## ASSIGNED TASK
Below are records; output exactly the lines from the one with "Photo 11 of" through their final line.

[Opening DATA SUPPLIED section]

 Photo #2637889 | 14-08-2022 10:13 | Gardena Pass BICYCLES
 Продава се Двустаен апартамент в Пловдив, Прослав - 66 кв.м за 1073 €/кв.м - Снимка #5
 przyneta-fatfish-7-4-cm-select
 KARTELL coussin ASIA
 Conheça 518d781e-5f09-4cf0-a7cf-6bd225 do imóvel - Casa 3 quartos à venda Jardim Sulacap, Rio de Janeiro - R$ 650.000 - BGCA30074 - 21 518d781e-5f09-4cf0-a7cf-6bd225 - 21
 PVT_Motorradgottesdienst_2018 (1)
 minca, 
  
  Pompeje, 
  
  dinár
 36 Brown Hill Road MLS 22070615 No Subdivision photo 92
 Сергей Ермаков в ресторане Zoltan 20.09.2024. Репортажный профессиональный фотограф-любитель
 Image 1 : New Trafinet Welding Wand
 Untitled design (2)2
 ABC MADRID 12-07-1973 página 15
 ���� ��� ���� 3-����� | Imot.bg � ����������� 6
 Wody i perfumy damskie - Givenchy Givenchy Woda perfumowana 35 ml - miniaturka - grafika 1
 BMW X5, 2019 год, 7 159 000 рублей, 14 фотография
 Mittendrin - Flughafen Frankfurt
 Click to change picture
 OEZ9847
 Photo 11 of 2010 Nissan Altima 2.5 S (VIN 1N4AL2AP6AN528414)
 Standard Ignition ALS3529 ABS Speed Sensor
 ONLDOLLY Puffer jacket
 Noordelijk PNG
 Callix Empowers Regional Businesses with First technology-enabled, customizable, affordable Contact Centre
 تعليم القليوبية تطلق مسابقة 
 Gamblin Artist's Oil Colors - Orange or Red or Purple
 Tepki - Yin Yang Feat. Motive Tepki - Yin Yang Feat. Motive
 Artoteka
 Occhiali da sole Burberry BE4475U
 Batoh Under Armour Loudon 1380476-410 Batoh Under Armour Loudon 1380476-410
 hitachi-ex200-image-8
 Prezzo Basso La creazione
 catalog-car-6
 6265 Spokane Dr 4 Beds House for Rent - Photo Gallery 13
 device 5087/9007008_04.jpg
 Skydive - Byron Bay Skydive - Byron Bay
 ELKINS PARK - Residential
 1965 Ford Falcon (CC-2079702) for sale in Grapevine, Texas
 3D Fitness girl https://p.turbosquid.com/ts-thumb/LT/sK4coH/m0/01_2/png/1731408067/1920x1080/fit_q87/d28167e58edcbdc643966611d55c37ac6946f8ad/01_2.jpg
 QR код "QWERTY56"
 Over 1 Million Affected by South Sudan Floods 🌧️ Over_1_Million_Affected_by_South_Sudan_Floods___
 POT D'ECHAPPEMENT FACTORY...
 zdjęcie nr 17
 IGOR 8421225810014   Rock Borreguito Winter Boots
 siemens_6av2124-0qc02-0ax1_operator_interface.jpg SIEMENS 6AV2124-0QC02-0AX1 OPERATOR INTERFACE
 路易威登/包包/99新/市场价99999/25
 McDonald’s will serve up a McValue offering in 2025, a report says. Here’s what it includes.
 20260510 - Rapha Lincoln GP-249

[Closing DATA SUPPLIED section]

## OUTPUT FOR THIS EXERCISE
 Photo 11 of 2010 Nissan Altima 2.5 S (VIN 1N4AL2AP6AN528414)
 Standard Ignition ALS3529 ABS Speed Sensor
 ONLDOLLY Puffer jacket
 Noordelijk PNG
 Callix Empowers Regional Businesses with First technology-enabled, customizable, affordable Contact Centre
 تعليم القليوبية تطلق مسابقة 
 Gamblin Artist's Oil Colors - Orange or Red or Purple
 Tepki - Yin Yang Feat. Motive Tepki - Yin Yang Feat. Motive
 Artoteka
 Occhiali da sole Burberry BE4475U
 Batoh Under Armour Loudon 1380476-410 Batoh Under Armour Loudon 1380476-410
 hitachi-ex200-image-8
 Prezzo Basso La creazione
 catalog-car-6
 6265 Spokane Dr 4 Beds House for Rent - Photo Gallery 13
 device 5087/9007008_04.jpg
 Skydive - Byron Bay Skydive - Byron Bay
 ELKINS PARK - Residential
 1965 Ford Falcon (CC-2079702) for sale in Grapevine, Texas
 3D Fitness girl https://p.turbosquid.com/ts-thumb/LT/sK4coH/m0/01_2/png/1731408067/1920x1080/fit_q87/d28167e58edcbdc643966611d55c37ac6946f8ad/01_2.jpg
 QR код "QWERTY56"
 Over 1 Million Affected by South Sudan Floods 🌧️ Over_1_Million_Affected_by_South_Sudan_Floods___
 POT D'ECHAPPEMENT FACTORY...
 zdjęcie nr 17
 IGOR 8421225810014   Rock Borreguito Winter Boots
 siemens_6av2124-0qc02-0ax1_operator_interface.jpg SIEMENS 6AV2124-0QC02-0AX1 OPERATOR INTERFACE
 路易威登/包包/99新/市场价99999/25
 McDonald’s will serve up a McValue offering in 2025, a report says. Here’s what it includes.
 20260510 - Rapha Lincoln GP-249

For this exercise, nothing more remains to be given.